** ENTRIES SUPPLIED follows **

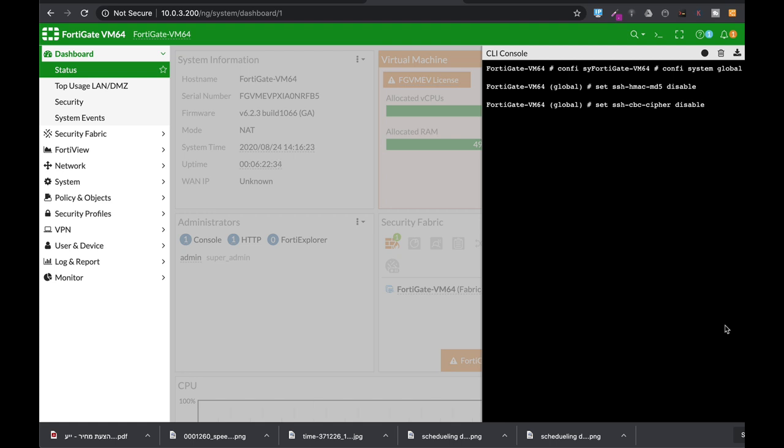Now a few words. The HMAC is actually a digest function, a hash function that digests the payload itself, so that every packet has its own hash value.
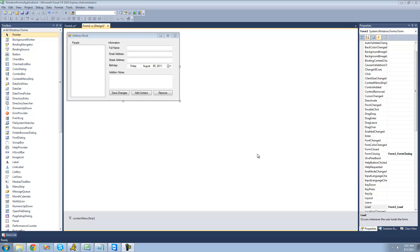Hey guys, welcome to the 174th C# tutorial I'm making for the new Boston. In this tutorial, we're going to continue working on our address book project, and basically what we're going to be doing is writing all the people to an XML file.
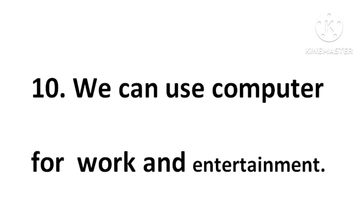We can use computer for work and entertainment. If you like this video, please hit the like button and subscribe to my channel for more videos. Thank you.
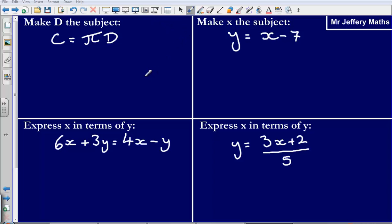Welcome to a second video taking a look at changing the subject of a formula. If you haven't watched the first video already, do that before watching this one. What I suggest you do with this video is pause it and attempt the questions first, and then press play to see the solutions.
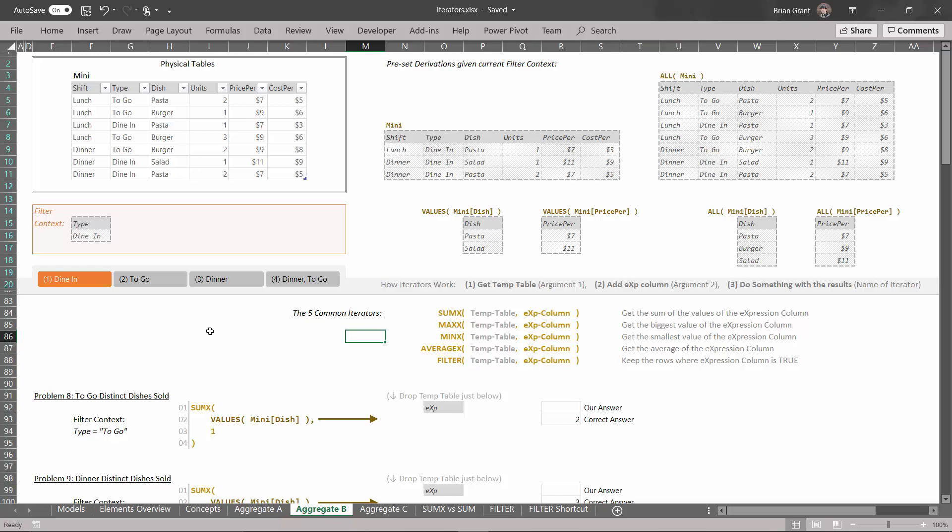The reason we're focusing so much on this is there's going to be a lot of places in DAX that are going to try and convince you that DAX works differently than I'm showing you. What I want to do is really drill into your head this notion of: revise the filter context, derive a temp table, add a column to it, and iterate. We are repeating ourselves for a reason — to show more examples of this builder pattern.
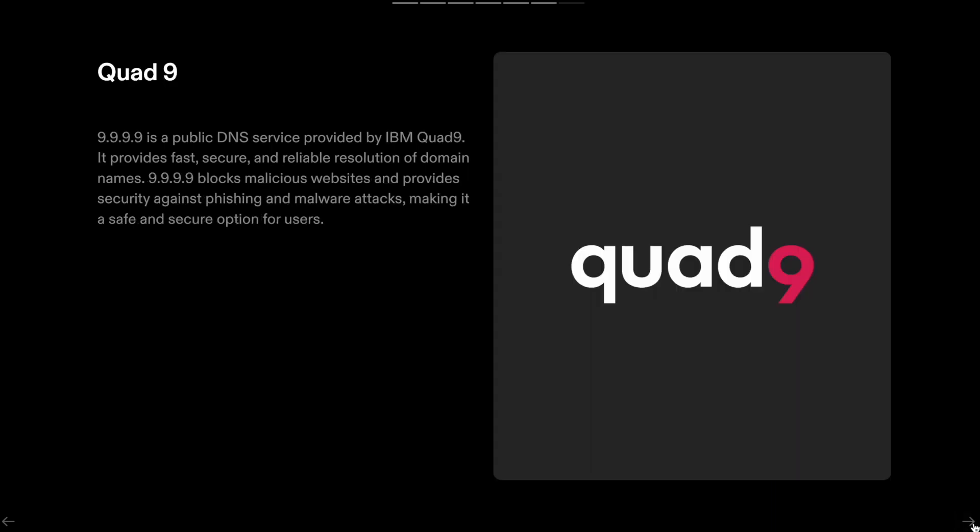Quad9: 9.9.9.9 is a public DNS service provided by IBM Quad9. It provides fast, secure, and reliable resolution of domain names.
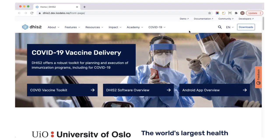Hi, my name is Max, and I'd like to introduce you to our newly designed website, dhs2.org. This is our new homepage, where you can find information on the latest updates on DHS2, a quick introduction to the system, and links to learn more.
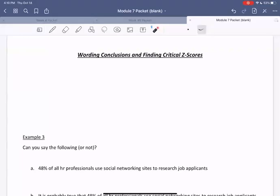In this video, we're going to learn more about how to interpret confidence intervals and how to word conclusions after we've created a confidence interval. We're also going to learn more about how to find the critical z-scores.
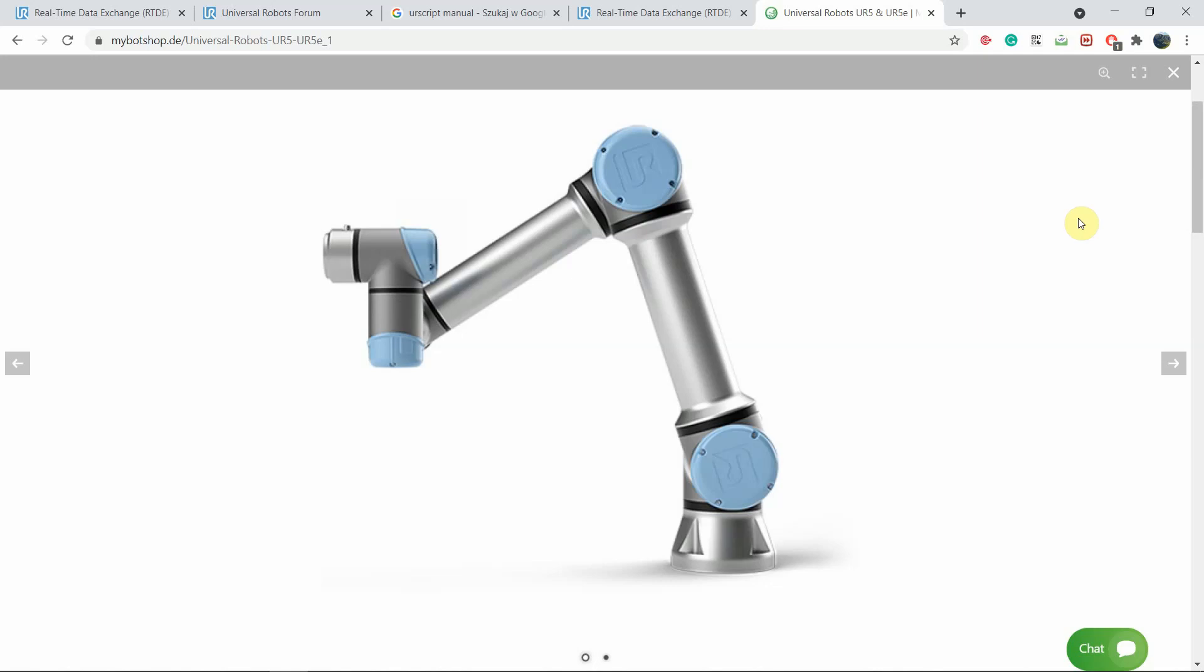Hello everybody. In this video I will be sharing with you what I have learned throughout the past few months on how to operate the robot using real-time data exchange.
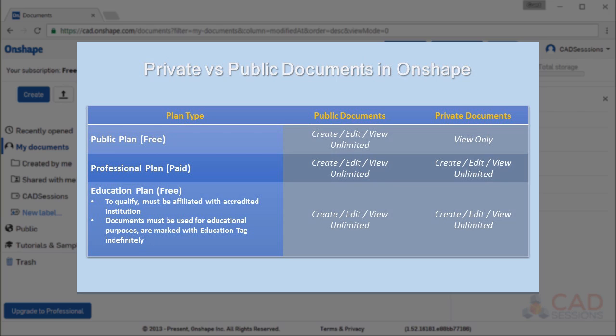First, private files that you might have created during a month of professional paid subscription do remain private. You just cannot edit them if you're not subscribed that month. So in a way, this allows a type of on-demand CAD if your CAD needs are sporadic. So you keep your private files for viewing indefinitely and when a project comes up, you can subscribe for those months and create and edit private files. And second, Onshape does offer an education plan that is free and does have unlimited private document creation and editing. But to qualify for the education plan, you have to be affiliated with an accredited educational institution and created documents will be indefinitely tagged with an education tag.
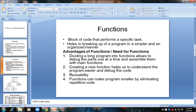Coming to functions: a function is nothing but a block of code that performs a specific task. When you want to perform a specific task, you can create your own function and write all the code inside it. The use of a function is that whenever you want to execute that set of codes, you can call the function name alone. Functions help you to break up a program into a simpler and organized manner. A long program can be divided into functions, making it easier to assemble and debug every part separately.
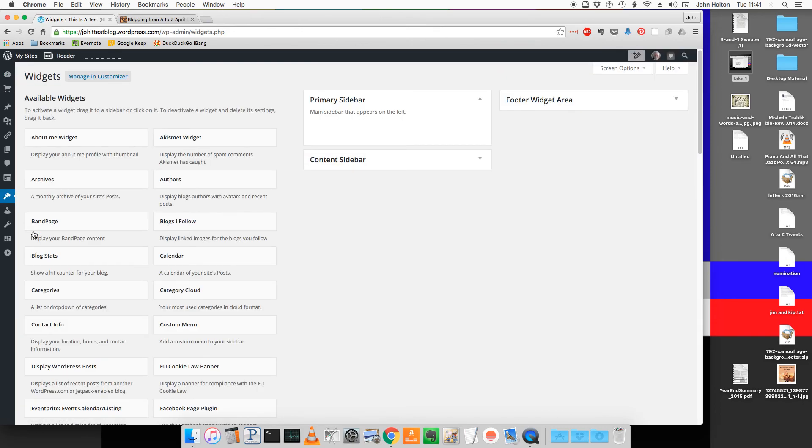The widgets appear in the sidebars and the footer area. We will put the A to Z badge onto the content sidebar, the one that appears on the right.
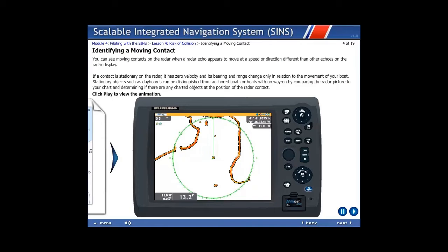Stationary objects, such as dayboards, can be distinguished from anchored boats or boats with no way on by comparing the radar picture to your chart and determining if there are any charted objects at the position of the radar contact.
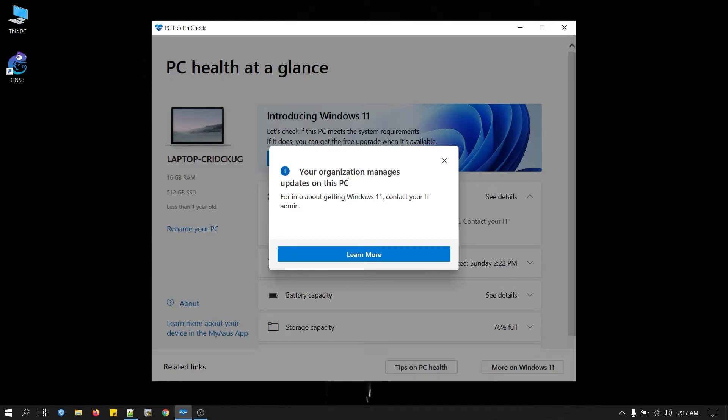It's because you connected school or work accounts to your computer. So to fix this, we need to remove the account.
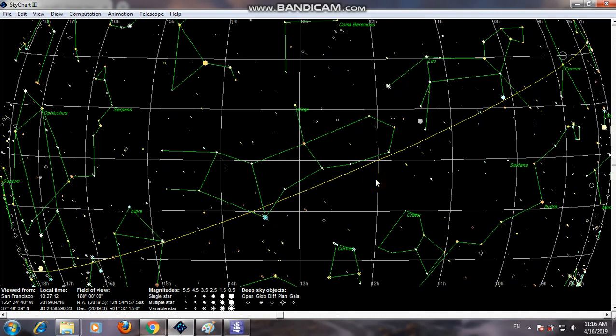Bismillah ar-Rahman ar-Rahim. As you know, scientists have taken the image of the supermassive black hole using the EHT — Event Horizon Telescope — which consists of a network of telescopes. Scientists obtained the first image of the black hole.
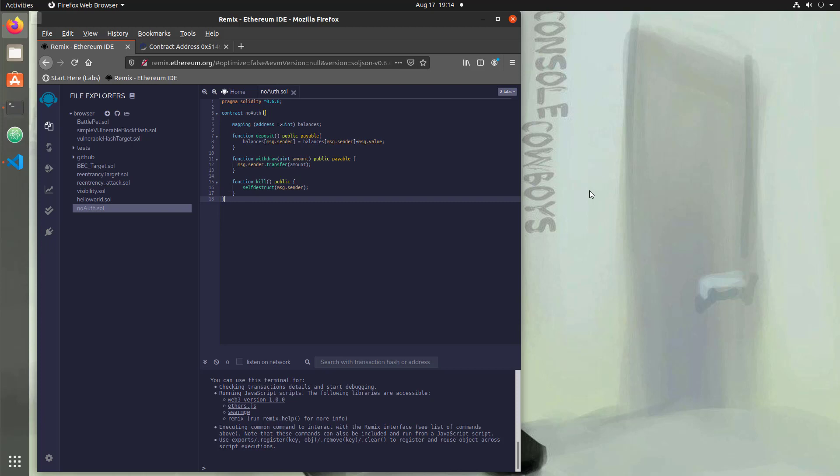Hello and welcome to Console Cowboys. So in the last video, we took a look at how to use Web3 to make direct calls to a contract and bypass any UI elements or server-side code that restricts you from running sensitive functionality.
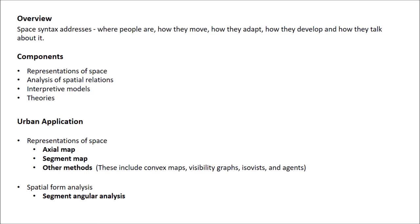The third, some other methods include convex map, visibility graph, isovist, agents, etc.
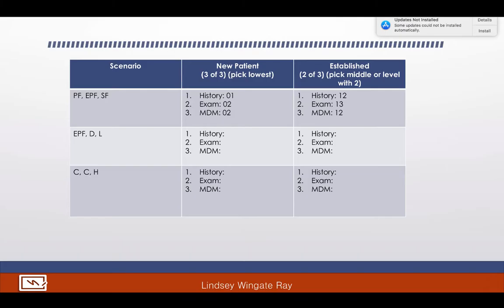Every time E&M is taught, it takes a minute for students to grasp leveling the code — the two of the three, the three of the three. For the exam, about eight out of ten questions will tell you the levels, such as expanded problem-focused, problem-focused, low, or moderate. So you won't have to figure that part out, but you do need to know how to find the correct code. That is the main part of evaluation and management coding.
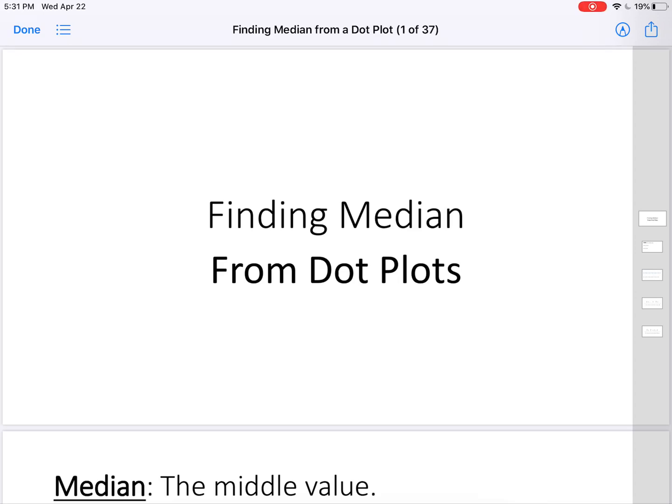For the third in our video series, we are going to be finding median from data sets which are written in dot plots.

** End of ENTRIES SUPPLIED **

Retype only the lines that run from the first line of the entries above to the line containing "We can use computer", both included. Do not carry over any pictures.

▶ **OUTPUT FOR THIS EXERCISE**:
Now a few words. The HMAC is actually a digest function, a hash function that digests the payload itself, so that every packet has its own hash value.
Hey guys, welcome to the 174th C# tutorial I'm making for the new Boston. In this tutorial, we're going to continue working on our address book project, and basically what we're going to be doing is writing all the people to an XML file.
We can use computer for work and entertainment. If you like this video, please hit the like button and subscribe to my channel for more videos. Thank you.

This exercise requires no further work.